- **PROMPT**
When the string "Klein" is part of a line below, that line should be copied.

- **RECORD EXTRACTS**

*** Block opens ***

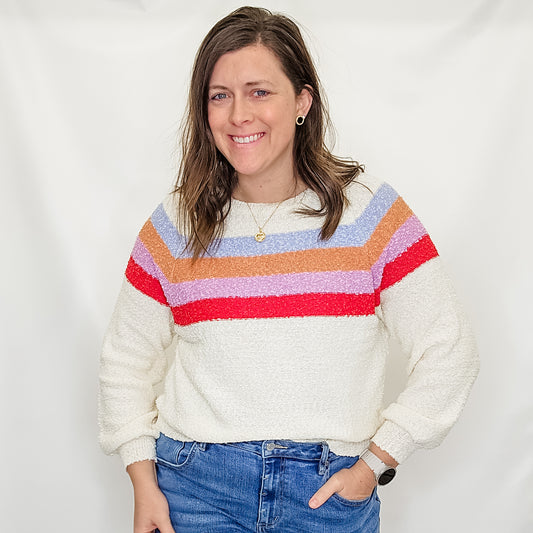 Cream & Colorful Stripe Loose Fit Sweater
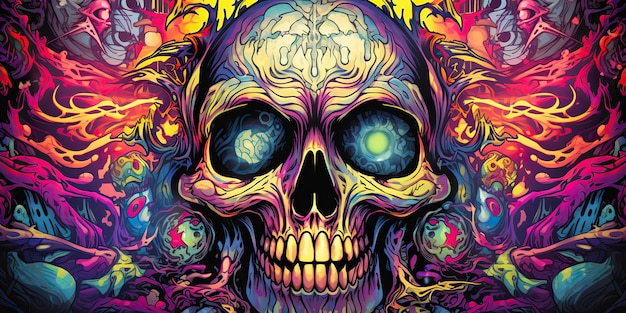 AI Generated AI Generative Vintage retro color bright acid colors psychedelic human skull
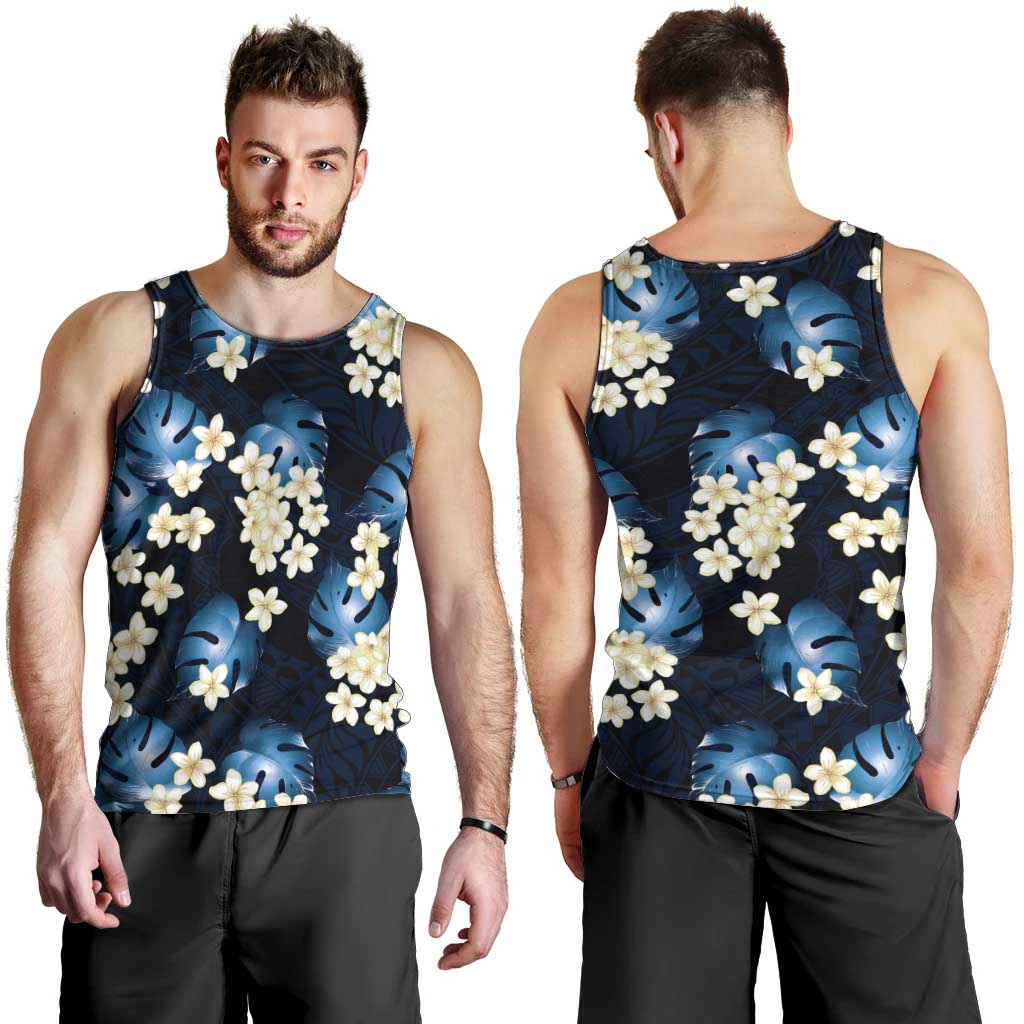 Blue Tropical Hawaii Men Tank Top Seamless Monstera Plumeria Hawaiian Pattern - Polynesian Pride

*** Block closes ***
*** Block opens ***

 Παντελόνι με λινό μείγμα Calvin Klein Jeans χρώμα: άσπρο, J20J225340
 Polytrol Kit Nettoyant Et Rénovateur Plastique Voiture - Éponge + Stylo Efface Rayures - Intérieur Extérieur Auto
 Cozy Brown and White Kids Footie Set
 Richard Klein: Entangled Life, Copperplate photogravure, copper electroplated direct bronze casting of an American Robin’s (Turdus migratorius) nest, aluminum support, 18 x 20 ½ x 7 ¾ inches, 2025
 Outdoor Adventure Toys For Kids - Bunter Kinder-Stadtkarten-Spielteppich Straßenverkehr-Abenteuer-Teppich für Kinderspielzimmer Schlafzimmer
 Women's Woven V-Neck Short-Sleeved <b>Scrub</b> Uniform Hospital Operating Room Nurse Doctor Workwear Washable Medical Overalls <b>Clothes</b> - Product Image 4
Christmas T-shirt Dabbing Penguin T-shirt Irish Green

*** Block closes ***
*** Block opens ***

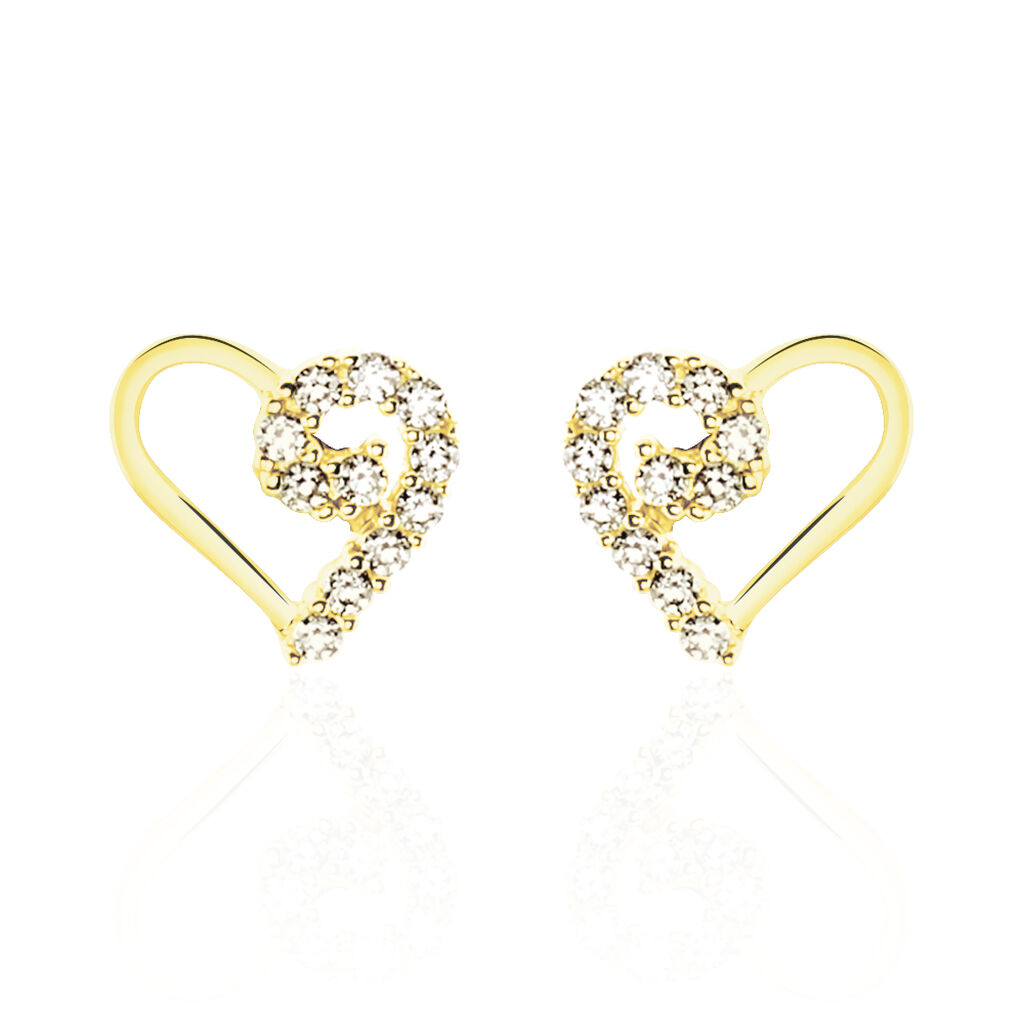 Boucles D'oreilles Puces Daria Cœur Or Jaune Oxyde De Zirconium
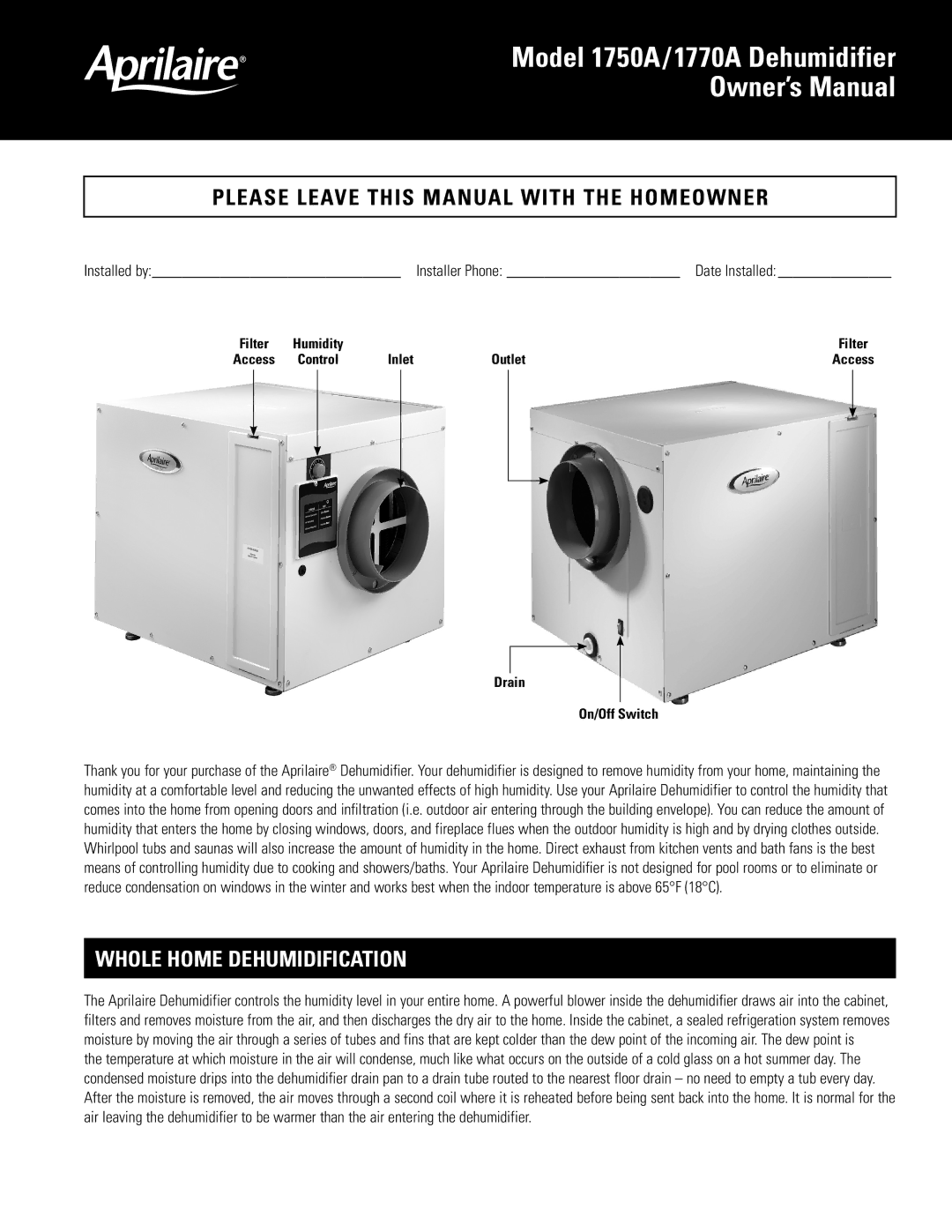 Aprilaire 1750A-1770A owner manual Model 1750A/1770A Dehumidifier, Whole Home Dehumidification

*** Block closes ***

- **SOLUTION**
 Παντελόνι με λινό μείγμα Calvin Klein Jeans χρώμα: άσπρο, J20J225340
 Richard Klein: Entangled Life, Copperplate photogravure, copper electroplated direct bronze casting of an American Robin’s (Turdus migratorius) nest, aluminum support, 18 x 20 ½ x 7 ¾ inches, 2025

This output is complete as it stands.